Embeddings

An embedding is a vector of floating-point numbers. The distance between two vectors measures their relatedness. A small distance suggests high relatedness whereas a large distances suggest low relatedness.

Compass provides access to the embedding model, Embeddings 3 Large.

Embedding is used for:

Clustering: text strings are grouped by their similarity.
Search: results are ranked based on the relevancy of the query strings.
Classification: text strings are classified based on similarity with the label.
Recommendations: items with related text strings are recommended.
Anomaly detection: outliers with little relatedness are identified.
Diversity measurement: analyzes similarity distributions.

To get an embedding, send a text string to embedding models. Learn more about embedding API endpoints by referring to our API reference documentation.

The response contains an embedding with a list of floating point numbers you can extract, save in the vector database, and use for various use cases.

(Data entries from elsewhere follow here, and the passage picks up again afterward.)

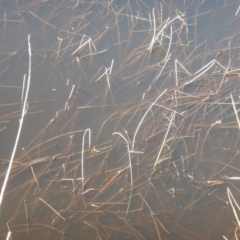 Austrolestes leda at Wallaroo, NSW - 29 Mar 2017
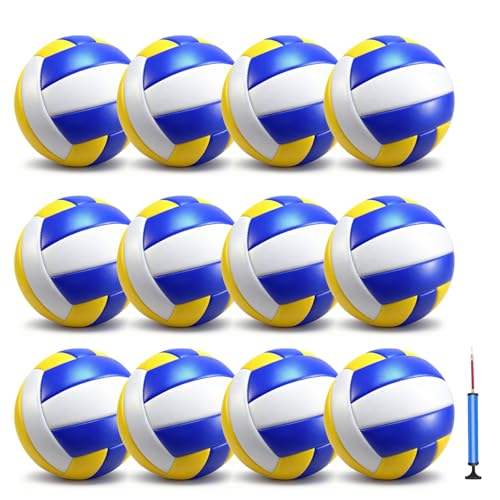 jiaonun 12 Pack Regulation Size 5 Volleyballs for Women and Men Outdoor or Indoor with Pump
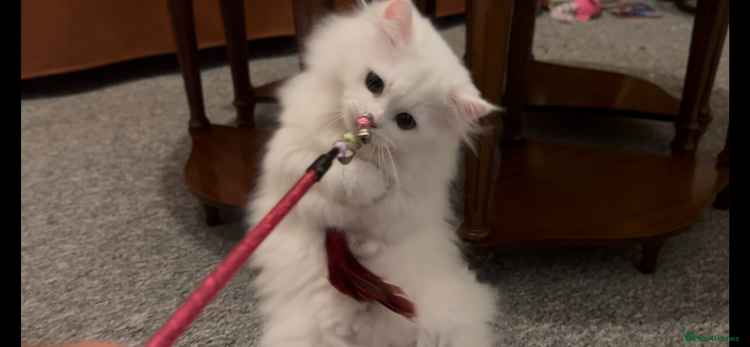 Munchkin cats - Advert 3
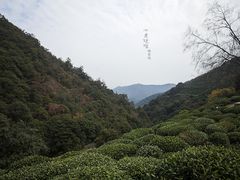 -西湖风景区十里琅珰-五云山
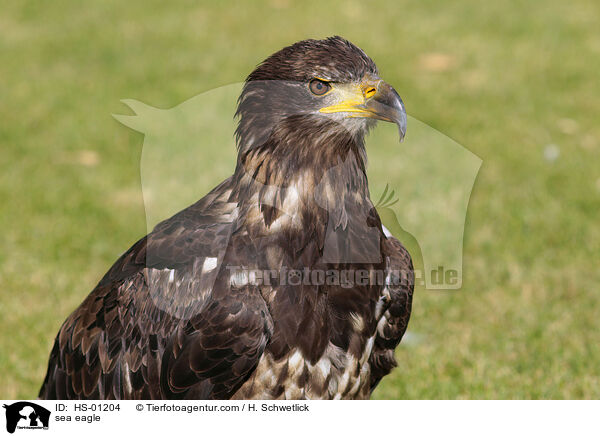 Seeadler / sea eagle / HS-01204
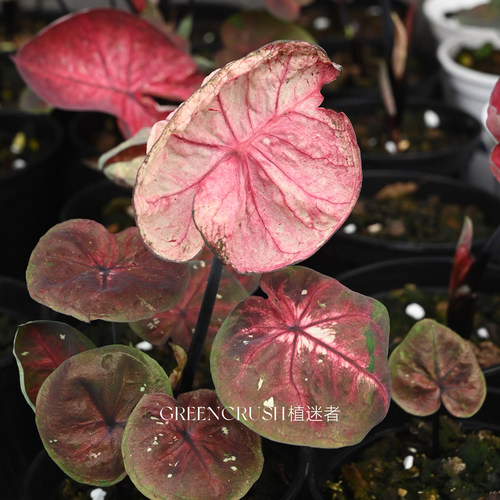 植迷者复古烟粉抹茶老版本小叶大叶海王彩叶芋盆栽半室内观叶植物 - 图2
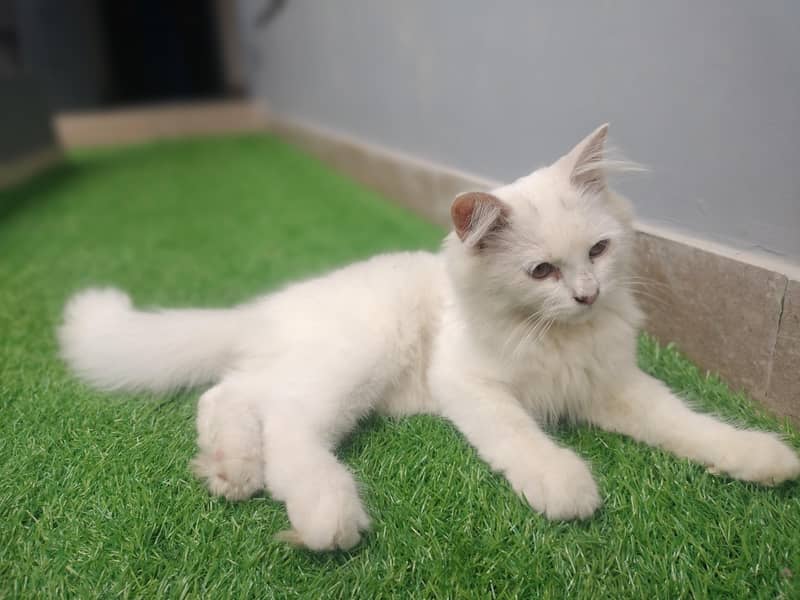triple coded white kittan 4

Some of them are described above.

{
  "input": "hi",
  "model": "text-embedding-3-large"
}

The response will contain an embedding vector with some additional metadata.

{
    "object": "list",
    "data": [
        {
            "object": "embedding",
            "index": 0,
            "embedding": [
                -0.006654263,
                0.0054927324,
                -0.0018895327,
                 ....(3072 floats total for text-embedding-3-large)
            ]
        }
    ],
    "model": "text-embedding-3-large",
    "usage": {
        "prompt_tokens": 1,
        "total_tokens": 1
    }
}

By default, the length of the embedding vector is 3072 for text-embedding-3-large. Users can reduce the dimensions by passing the dimension parameter without the embedding losing its concept representing properties.